Le corps après l’avortement : traces psychiques d’un acte médical

L’avortement est souvent présenté comme une intervention rapide, maîtrisée et sans conséquence durable sur le corps. Pourtant, si les cicatrices physiques disparaissent vite, le corps psychique, lui, garde parfois l’empreinte silencieuse de cet acte. Car au-delà de la dimension médicale, l’IVG touche à l’intime, à la représentation que l’on a de son propre corps, de sa capacité à donner ou à interrompre la vie. Ce vécu peut modifier, même subtilement, la manière d’habiter son corps.
Le corps vécu comme lieu de passage et de rupture
Après une IVG, certaines femmes ressentent leur corps comme étranger ou « altéré », sans que cela soit visible de l’extérieur. Clara, 28 ans, confie avoir eu l’impression que son ventre était « vide mais lourd » après l’intervention. Ce paradoxe révèle comment l’inconscient inscrit l’événement corporel comme une rupture intérieure, même lorsque le choix est assumé. Le corps devient alors le théâtre discret d’une mémoire enfouie.
La difficulté à se réapproprier son image corporelle
Pour certaines, le rapport au corps après l’avortement passe par une phase de distanciation, comme si le corps portait la trace d’une transgression.
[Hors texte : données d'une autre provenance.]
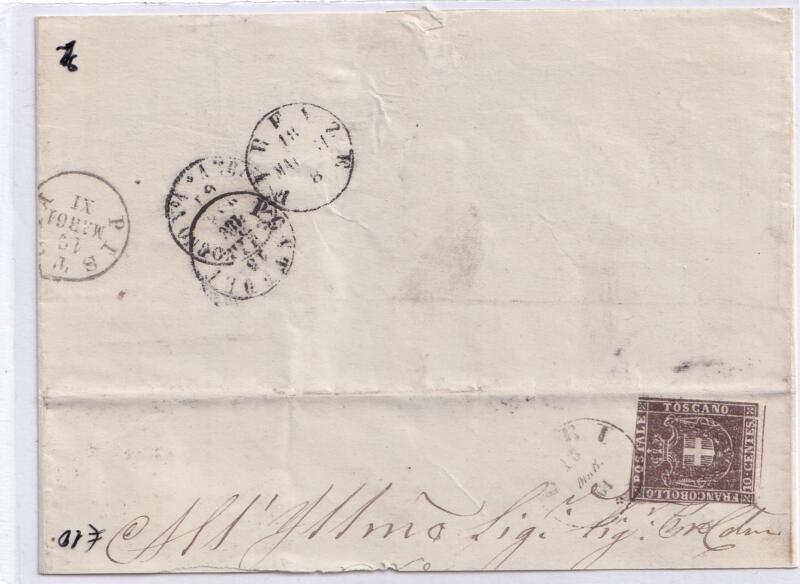 Francobollo Granducato di Toscana – Anno 1860 Centesimi 10 bruno (cat. n. 19)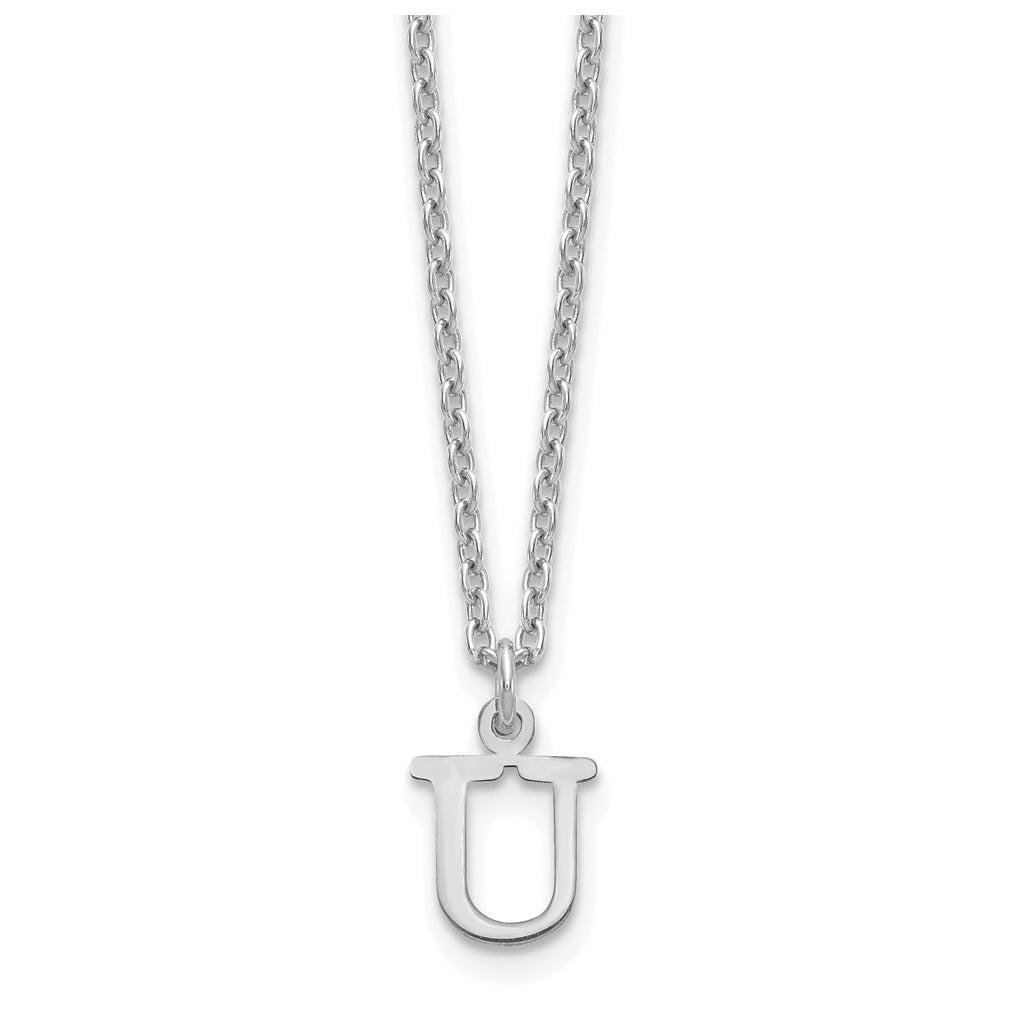 Sterling Silver Rhodium plated Cutout Letter U Initial Necklace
Sophie, 31 ans, évoque un malaise à se regarder nue, sans pouvoir associer ce ressenti directement à l’IVG. Ce type de réaction traduit une culpabilité inconsciente projetée sur le corps, perçu comme le dépositaire silencieux d’un acte que le psychisme peine à intégrer.
Les manifestations somatiques d’un non-dit psychique
Fatigue persistante, douleurs diffuses, troubles du cycle : le corps peut exprimer ce que la parole n’a pas encore formulé. Julie, 26 ans, a vu ses règles devenir irrégulières pendant plusieurs mois après son IVG, sans cause médicale identifiée. Ces somatisations traduisent souvent une élaboration psychique inachevée, où le corps « parle » à la place de l’inconscient en quête de sens.
Reconnaître le vécu corporel pour apaiser l’esprit
Plutôt que de banaliser l’avortement comme un simple acte technique, il est essentiel de laisser une place à l’écoute du ressenti corporel après l’intervention. Accepter que le corps garde une mémoire, sans dramatisation ni déni, permet de se réapproprier progressivement son image et ses sensations. Le corps n’est pas seulement un support biologique : il est le miroir sensible des traces psychiques laissées par l’histoire intime.